The hiatus meant more bad news for Boeing, who had said early this year that the halt in production would cost them $5.5 billion. The delivery today not only signaled that help was on the way to airlines relying on 787s for capacity but also Boeing’s revenues for the rest of this year. The manufacturer had made the 787 its economical, top-of-the-line widebody offering over the past decade with nearly 1,500 of the type on order across three variants.
Stan Deal, Boeing’s CEO of Commercial Airplanes said in a note to employees that, “every action and decision influences our customers’ trust in Boeing — we build trust one airplane at a time, we’ll continue to take the time needed to ensure each one meets our highest quality standards.”
Boeing’s Quest to Regain Its Reputation
As much as airlines need increased capacity and just want the planes they ordered, Boeing needs the revenue and chance to rebuild its reputation. Boeing has had its fair share of crises the past few years with the 737 MAX tragedies tarnishing the company’s reputation and leaving its future very much unknown.
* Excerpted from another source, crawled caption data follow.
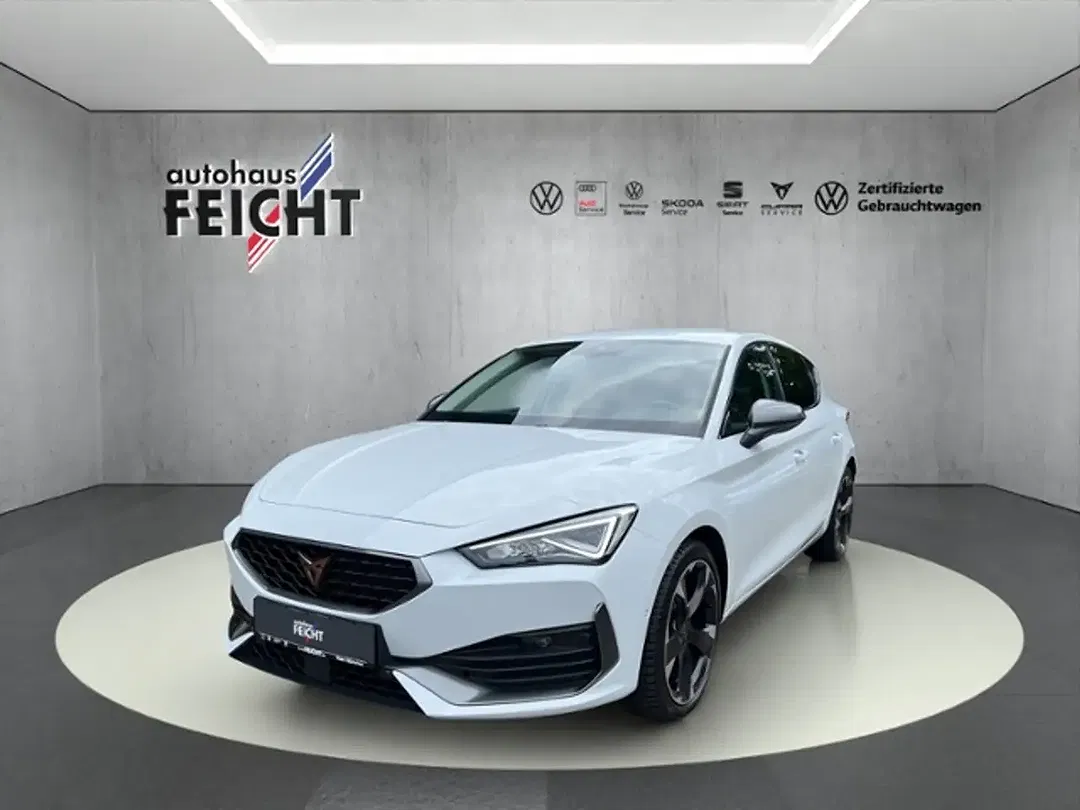 CUPRA Leon - Thumbnail 1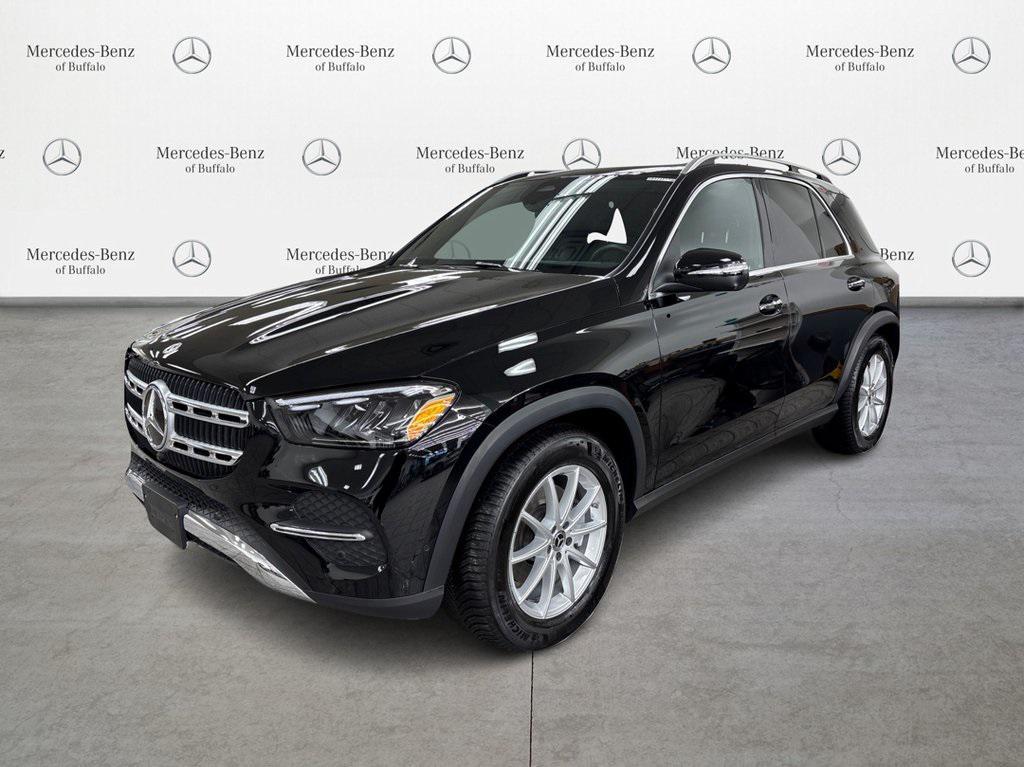 used 2025 Mercedes-Benz GLE 350 car, priced at $59,850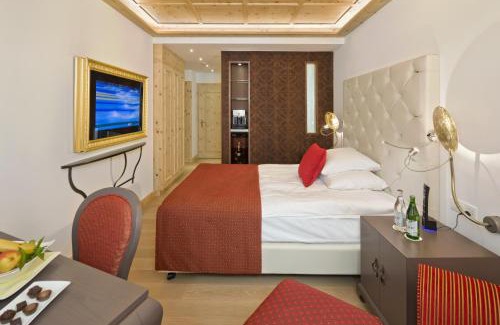 Zermatt City Centre Hotel | Grand Hotel Zermatterhof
Airlines only brought the 737 MAX back into service in early 2021 and passenger trust is something that Boeing will have to earn back and it will take a long time. It’s one thing for a corporation to damage its image with low-quality products that don’t stand up well, it’s another to knowingly build aircraft that have issues and then watch as hundreds die because of carelessness.
Boeing knows that the first step to getting customers and airlines to want to buy and fly on their planes is by being able to deliver them in the first place. The 787s still presents a fantastic option for carriers offering great fuel efficiency, range and comfort. Their size means they can be operated on long-haul flights between major and secondary markets which adds great flexibility for airlines.
Resumption of 787’s deliveries could also help to alleviate a lot of the issues related to capacity in the aviation industry right now. Not having one of the most important aircraft on the market in a standstill when it comes to deliveries has hurt numerous airlines. With almost 500 units still sitting on order books, most being the mid sized -9 variant while and longer -10, the return of the 787 is one that many airlines have been waiting for.